We have managed to achieve a tolerable justice in the collective relations of industry by balancing power against power and equilibrating the various competing social forces of society.

At the same time, the spectacle of Stalin’s Soviet Union had amply confirmed the danger that Niebuhr had warned against as early as Moral Man, that the abolition of property would simply translate power struggles into a new and even more dangerous register. Writing at the peak of anti-Communist fervor in America, Niebuhr now refers to communism as “demonic” and “satanic,” and sees the cold war as a clear struggle of “freedom against tyranny.” Yet The Irony of American History, as its title makes clear, is no paean to the country whose “side” Niebuhr unambiguously takes. Rather, under changed historical conditions, he is once again applying the lessons of his Christian liberalism, which sees the chief threat to the good precisely in its own certainty of goodness. “God and the devil may be in conflict on the scene of life and history, but a victory follows every defeat and some kind of defeat every victory,” he had written as long before as 1924, in his Notebook. Now he set out to remind a victorious and prosperous America of this truth.

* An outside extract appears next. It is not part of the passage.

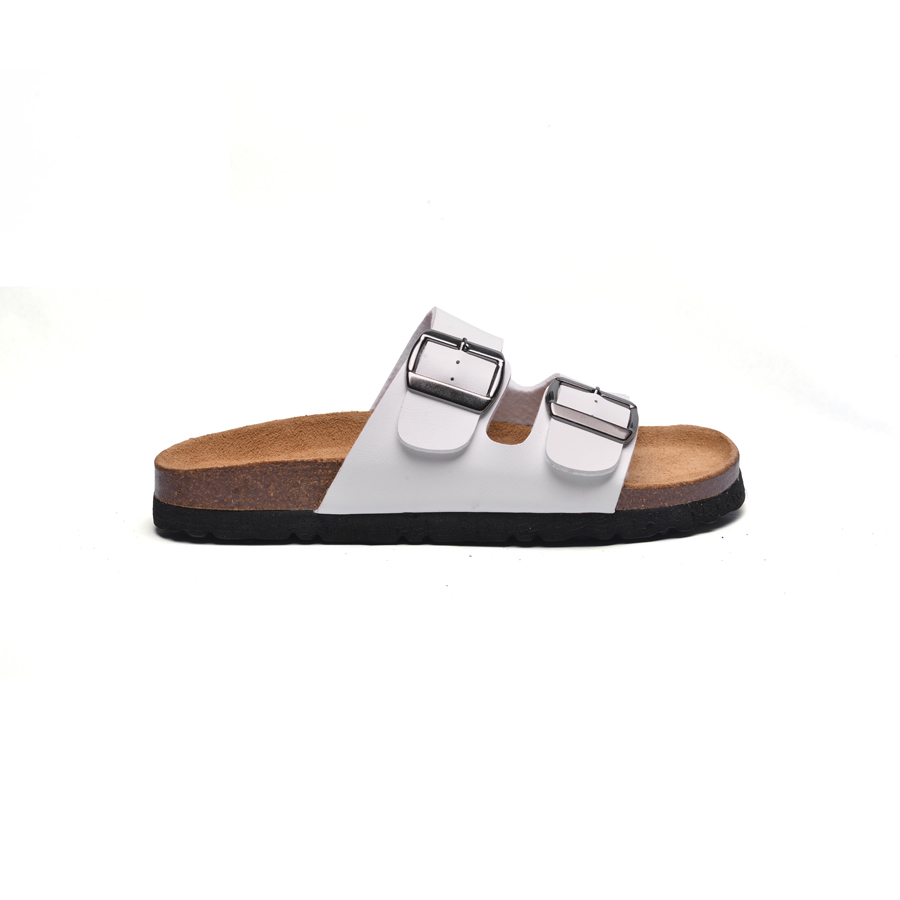 Dép đế trấu nữ 2 khóa da pu trắng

Once again, he called on his readers to thread the needle of a binarism. On the one hand, he warned against a return to pre-war isolationism, now that an aggressive Soviet Union had taken the place of Nazism as a threat to world peace. The isolationist, he argued, succumbed to the temptation to “preserve our innocence” by abstaining from geopolitics, out of an unspoken conviction that “power cannot be wielded without guilt.” On the other hand, there is the traditional American temptation to believe that the country remains radically innocent even when exercising its power, that America’s good intentions mean all its actions are praiseworthy. “We are (according to our traditional theory) the most innocent nation on earth,” he writes, and he does not mean this as a compliment.

For the hallmark of maturity, in nations as in individuals, is to recognize that no use of power is fully innocent, that every decision involves the sacrifice of one value to another. This does not mean that power shouldn’t be used—Niebuhr has no doubt that America must defend the West against communism—but it does mean that it should be used thoughtfully and humbly. “The ironic elements in American history can be overcome,” he writes,

only if American idealism comes to terms with the limits of all human striving, the fragmentariness of all human wisdom, the precariousness of all historic configurations of power, and the mixture of good and evil in all human virtue.

Exactly what this means in practice is, of course, difficult to say. Earlier this year, when President Obama made a speech comparing ISIS’s barbarism to that of the Christian Crusaders of the Middle Ages, Ross Douthat of The New York Times identified it as a classic Niebuhrian moment, a case of power submitting to self-criticism by referring to the past behavior of one’s own forebears. Better to attend to the mote in your own eye, Obama appeared to be saying, than to the beam in your neighbor’s eye. This line of argument tends to support Obama’s reluctance to use American power to impose order on the Middle East—an enterprise that the Iraq war revealed as a typical instance of hubristic American “innocence.”

Yet it would also be possible to make a Niebuhrian argument in favor of American intervention in places like Iraq and Syria, by dwelling on the part of his message that emphasizes the responsibility of power—the need to act even if action is imperfect and has unintended consequences. (The Irony of American History ends by praising Lincoln, whose deeply ironic understanding of the Civil War, as advanced in the Second Inaugural, did not stop him from waging that war with overwhelming violence.) That is why so many people end up dissatisfied with the kind of liberalism Niebuhr preached: it offers no easy guide to action, nothing to relieve us of the burden of choice. Of course, that is precisely why it was the message Niebuhr thought Americans needed to hear. Reading his work today, amid our own challenges of social inequality and imperial hubris, suggests we still need it as much as ever.